1. **Origini medievali** Le prime tracce di “Salim” e “Salima” si trovano nei documenti del mondo islamico del XII–XIII secolo, quando i nomi arabi si diffondevano in Sicilia, in Spagna e nel Levante.

2. **Uso ottomano** Nel periodo ottomano, soprattutto a partire dal XV secolo, la variante **Salimata** iniziò a comparire nei registri delle famiglie di origine araba e turca, soprattutto nelle province costiere del Mediterraneo. In questo contesto, il nome divenne associato a donne di alto rango sociale, spesso sposate con amministratori o funzionari locali.

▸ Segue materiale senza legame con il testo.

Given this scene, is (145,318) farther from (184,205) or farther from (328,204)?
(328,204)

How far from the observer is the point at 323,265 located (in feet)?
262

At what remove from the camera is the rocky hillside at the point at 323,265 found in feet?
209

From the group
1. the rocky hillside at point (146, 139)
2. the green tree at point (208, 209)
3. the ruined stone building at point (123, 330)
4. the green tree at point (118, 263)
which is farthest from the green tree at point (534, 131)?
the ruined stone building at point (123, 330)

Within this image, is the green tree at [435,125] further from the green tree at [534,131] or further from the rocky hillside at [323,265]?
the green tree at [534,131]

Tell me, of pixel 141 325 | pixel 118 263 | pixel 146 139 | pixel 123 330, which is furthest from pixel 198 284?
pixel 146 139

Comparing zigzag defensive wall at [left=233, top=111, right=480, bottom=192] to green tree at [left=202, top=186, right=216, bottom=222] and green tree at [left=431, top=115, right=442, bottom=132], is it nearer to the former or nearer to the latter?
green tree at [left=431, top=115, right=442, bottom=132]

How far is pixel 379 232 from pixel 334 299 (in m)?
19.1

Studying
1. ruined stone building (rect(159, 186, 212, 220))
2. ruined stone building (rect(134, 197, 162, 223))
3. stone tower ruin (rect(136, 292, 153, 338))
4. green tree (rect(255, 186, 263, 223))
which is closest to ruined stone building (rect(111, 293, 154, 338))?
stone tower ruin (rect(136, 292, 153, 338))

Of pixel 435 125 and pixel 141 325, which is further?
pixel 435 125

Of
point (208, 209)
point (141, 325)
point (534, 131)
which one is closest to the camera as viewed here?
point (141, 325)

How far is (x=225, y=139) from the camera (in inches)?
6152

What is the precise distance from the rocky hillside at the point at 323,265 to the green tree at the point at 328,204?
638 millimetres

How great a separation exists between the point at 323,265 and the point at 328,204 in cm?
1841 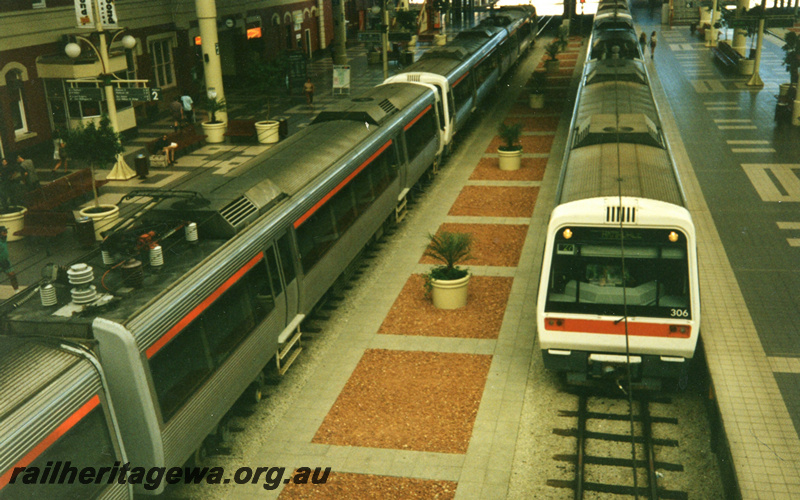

3. **Immigrazione in Italia** Con l’arrivo di immigrati provenienti da Siria, Libano e altre regioni del Medio Oriente, il nome ha trovato una nuova casa in Italia a partire dalla seconda metà del XIX secolo. Le comunità di immigrati arabi e turci che si stabilirono soprattutto in Sicilia, in Calabria e in alcune zone della Campania hanno mantenuto la tradizione di dare il nome **Salymata** alle figlie.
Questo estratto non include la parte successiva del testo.